Blog #35, Worksheet #11.1, Problem #3, Baryons and Photons

3. a) Despite the fact that the CMB has a very low temperature (that you have calculated above), the number of photon is enormous. Let us estimate what that number is. Each photon has energy hν. From equation (1), figure out the number density, nν, of the photon per frequency interval dν. Integrate over dν to get an expression for total number density of photon given temperature T. Now you need to keep all factors, and use the fact that

We start with the given equation 1) of \[\frac{8 \pi}{c^3} \cdot \frac{v^2}{e^{\frac{hv}{kT}} - 1} dv = n_v dv\]To integrate dv, we will use a u substitution and call \[u = \frac{hv}{kT}\] Which gives us \[du = \frac{h}{kT}dv \qquad and \qquad v^2 = \frac{k^2 T^2 u^2}{h^2}\] Plugging these relationships into our original equation 1) we are left with \[\frac{8 \pi k^3 T^3}{c^3 h^3} \cdot \frac{u^2}{e^u - 1} du = n_v dv \]We then integrate the left side from 0 to \(\infty\) and using the relationship that \[\int^{\infty}_0 \frac{x^2}{e^x - 1} dx \thickapprox 2.4 \]We end up with \[n_v dv = \frac{19.2 \pi k^3 T^3}{c^3 h^3}\]

b) (b) Use the following values for the constants: kB = 1.38x10^-16 erg K^-1 , c = 3.00x10^10cm s^-1 , h = 6.62x10^27 erg s, and use the temperature of CMB today that you have computed from 2d), to calculate the number density of photon today in our universe today (i.e. how many photons per cubic centimeter?)

For this part, we simply use our relationship from part a to solve for the number density of photons in our universe today. We solve \[\frac{19.2 \pi (1.38x10^{-16})^{3} (2.7)^{3}}{(3x10^10)^3 (6.62x10^{-27})^3} \thickapprox 400 \frac{photon}{cm^3}\]

c) Let us calculate the average baryon number density today. In general, baryons refer to protons or neutrons. The present-day density (matter + radiation + dark energy) of our Universe is 9.2x10^30g cm^3 . The baryon density is about 4% of it. The masses of proton and neutron are very similar (1.7x 10^24g).
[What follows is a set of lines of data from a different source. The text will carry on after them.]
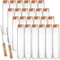 Bekith 24pcs 80ml Clear Glass Test Tubes with Cork Stoppers and 2 Brush for Bath Salt, Candy Storage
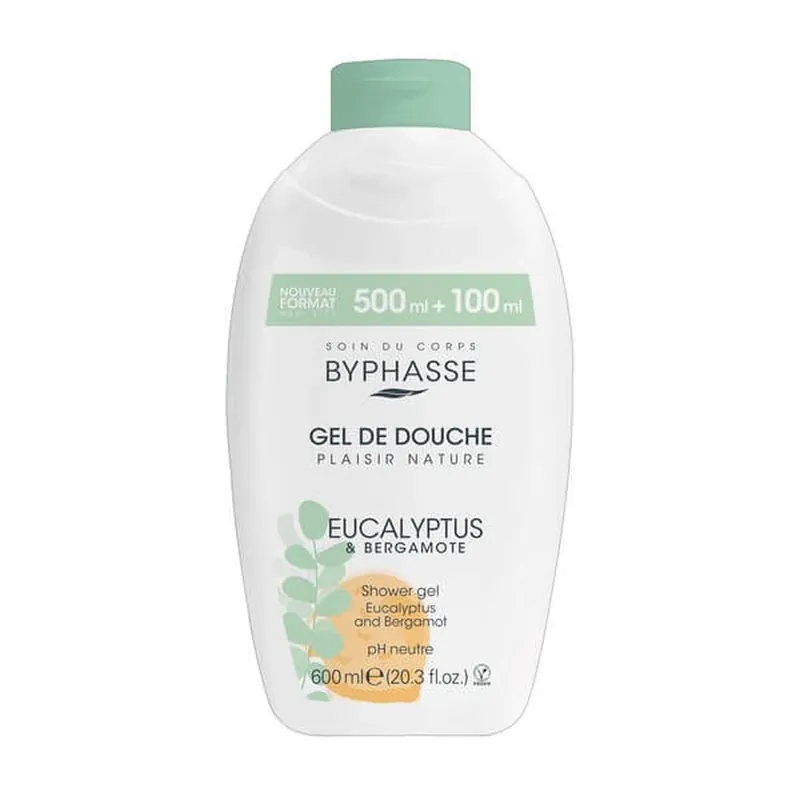 Cel mai bun preț Byphasse Plaisir Nature, gel de duș, eucalipt și bergamotă, 600 ml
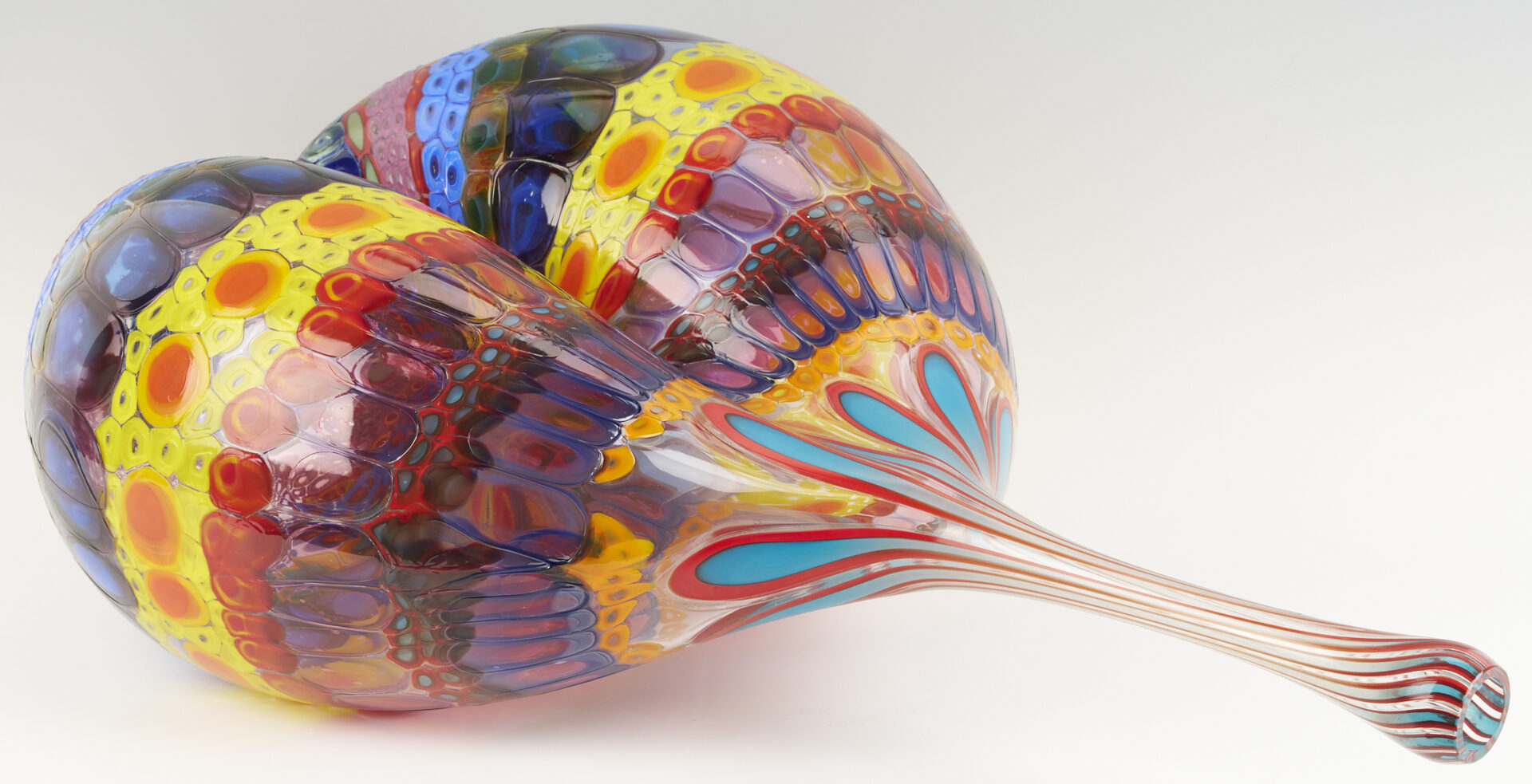 Lot 380: Stephen Rolfe Powell Large Glass Sculpture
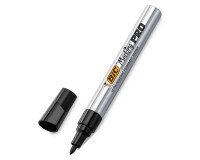 Permanent marker Bic Marketing Pro black conical point 1,1 mm - metallic body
What is the number density of baryons?

We are told that the total density of the universe is equal to \[\rho_{total} = 9.2x10^{-30} \frac{g}{cm^3}\]and we are told that baryons make up 4% of the total density meaning \[\rho_{baryon} = 3.68x10^{-31} \frac{g}{cm^3} \]We also know that the average baryon weighs \(1.7x10^{-24} g \) so the number density of baryons is \[n_{baryon} = \frac{\rho_{baryon}}{1.7x10^{-24} g } = 2.16x10^{-7} \frac{baryon}{cm^3}\]
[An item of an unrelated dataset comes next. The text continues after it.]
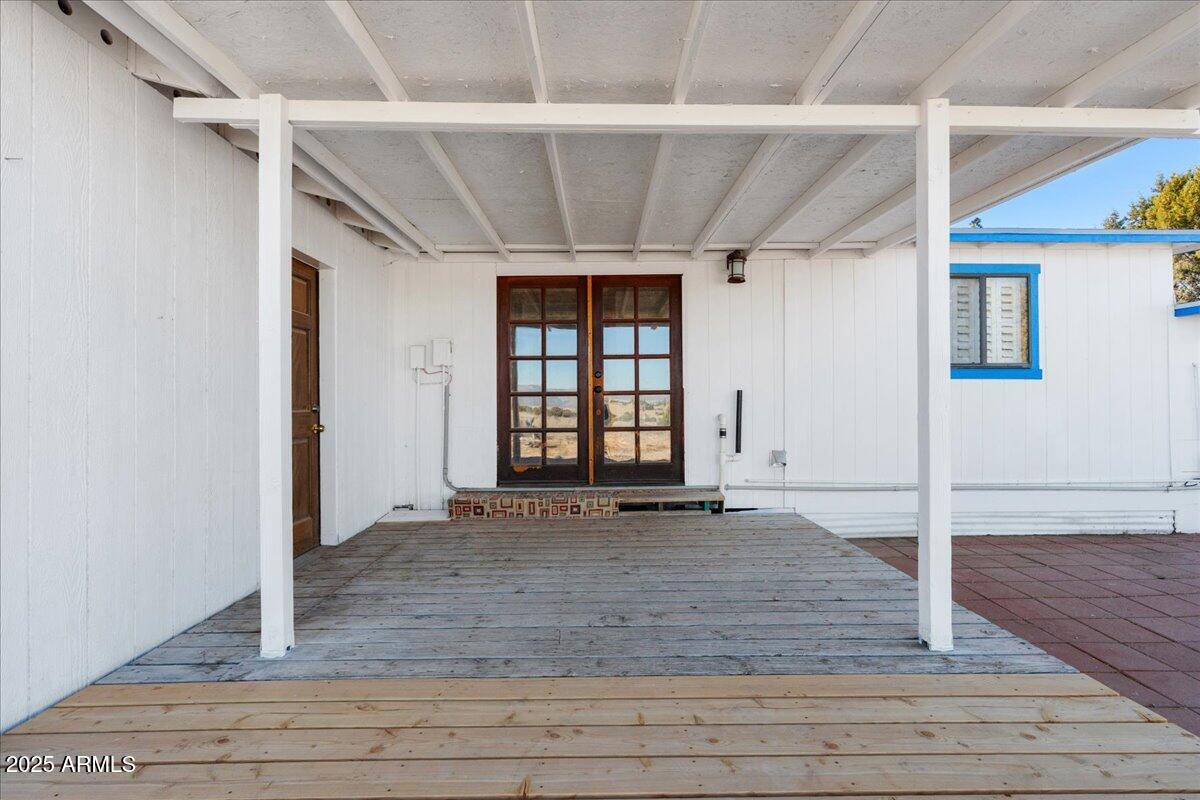 22990 North Post Road Paulden, AZ 86334 - Photo 21 of 30 21-Backyard Deck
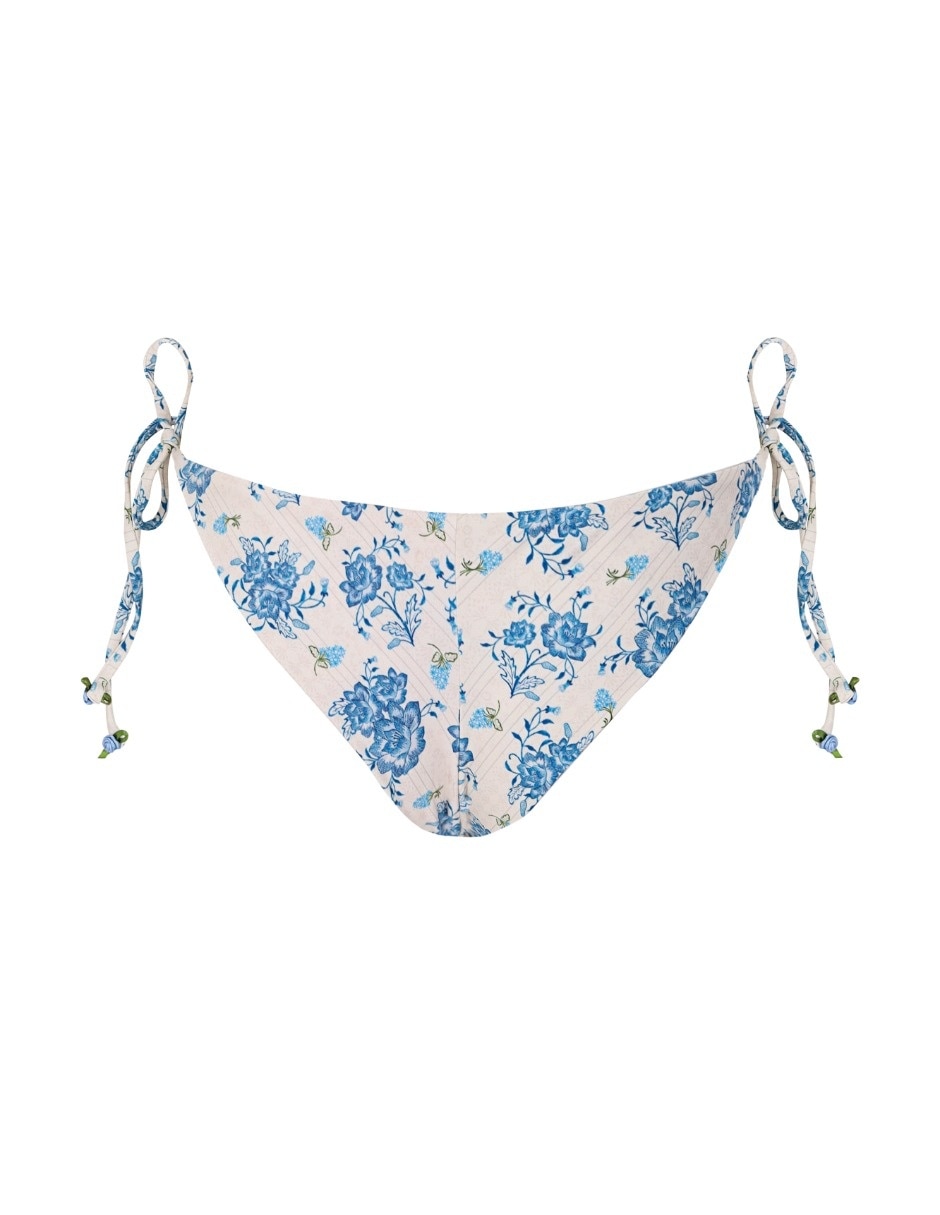 Bikini Agua Bendita estampado Floral a la cadera para mujer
d) Divide the above two numbers, you get the baryon-to-photon ratio. As you can see, our universe contains much more photons than baryons (proton and neutron).

Finally, we compare the amount of baryons to photons and get \[\frac{400 \frac{photons}{cm^3}}{2.16x10^{-7} \frac{baryons}{cm^3}} \thickapprox 2x10^9 \frac {photon}{baryon}\] Showing that there are far far more photons in our universe than there are baryons, or there is a lot more light than matter!